Unofficial Pytorch implementation of "Federated Meta-Learning with Fast Convergence and Efficient Communication"

Primary LanguagePython

Federated Meta-Learning with Fast Convergence and Efficient Communication

This repo contains unofficial pytorch implement of paper Federated Meta-Learning with Fast Convergence and Efficient Communication Due to lack of official codes, I am confused with such statements placed in the paper:

Page 6:

We filter inactive clients with fewer than k records, which is set to be 10, 20, 25 for FEMNIST, Shakespeare, and Sent140 respectively

It might ask me to drop the disqualified clients

Page 12:

Evaluation There are two common ways to define testing accuracy in the federated setting, namely accuracy with respect to all data points and ...

I evaluate the performance across all the test clients.

Page 12:

We use Adam [7] as the local optimizer for all approaches

It seems that it impossible to use Adam as optimizer of inner loop of meta-learning and I use gradient descend instead.

Generation of dataset

I included submodule LEFA for simplification, for more details, you can visit LEAF: A Benchmark for Federated Settings.

To split a client's data, you can go to dataset/<dataset_name> folder and run python split_support_query.py <p> to take it apart. p specify the fraction of support set.

Experiments

Both FedAvg and FedMeta support two schemes for Algorithm 1:

  1. Sampling mini-batch(s) from support set and query set from both meta-train and meta-test clients when training or testing.

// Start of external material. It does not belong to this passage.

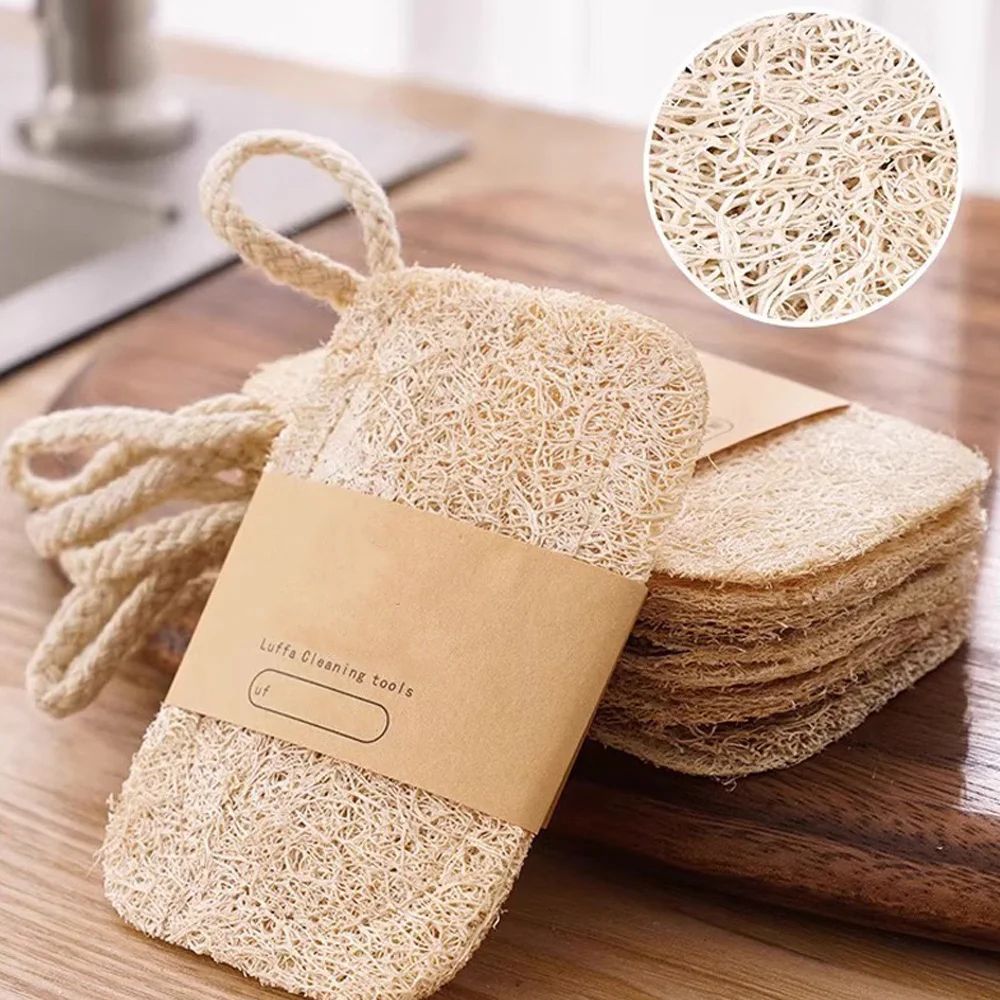 Double Layer Natural Loofah Kitchen Sponge Eco Friendly Scrubber Pads 3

It is same as what we do in meta-learning.

  2. Use full data of support and query set.

You can use train_inner_step and test_inner_step option to specify the number of mini-batch(s)(default is 0 which means use full dataset).

For FEMNIST

FedMeta:

python run.py --algo=fedmeta \
--eval_on_test_every=1 \
--dataset=femnist_p_0.2 \
--lr=0.001 \
--num_epochs=1 \
--model=cnn \
--clients_per_round=4 \
--batch_size=10 \
--data_format=pkl \
--num_rounds=2000 \
--meta_algo=maml \
--outer_lr=0.0001 \
--result_prefix=./fedmeta_result \
--device=cuda:0 \
--save_every=1000 \
--meta_inner_step=5 \

FedAvg:

--algo=fedavg_adv \
--eval_on_test_every=1 \
--dataset=femnist_p_0.2 \
--lr=1e-4 \
--num_epochs=1 \
--model=cnn \
--clients_per_round=4 \
--batch_size=10 \
--data_format=pkl \
--num_rounds=2000 \
--result_prefix=./fedmeta_result \
--device=cuda:6 \
--save_every=1000 \

Note that it different from FedAvg because of clients are divided into meta-train and meta-test tasks.

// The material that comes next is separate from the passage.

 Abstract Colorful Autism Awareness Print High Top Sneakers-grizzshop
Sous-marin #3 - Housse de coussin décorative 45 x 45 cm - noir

I ran the FedAvg based on difference schemes(Red one is scheme 2, green one is scheme 1):

Accuracy Loss

Contrast to FedAvg, FedMeta use train dataset as support set and test dataset as query set. The red one uses 5 mini-batches during inner loop and outer loop.

Accuracy Loss

Note I can't achieve the same performance!!! I hope the author can share their implementation :)

TO-DO

  1. LSTM model(Current version cost too many GPU resource)
  2. I also implements the tensorflow version but the performance need to verify.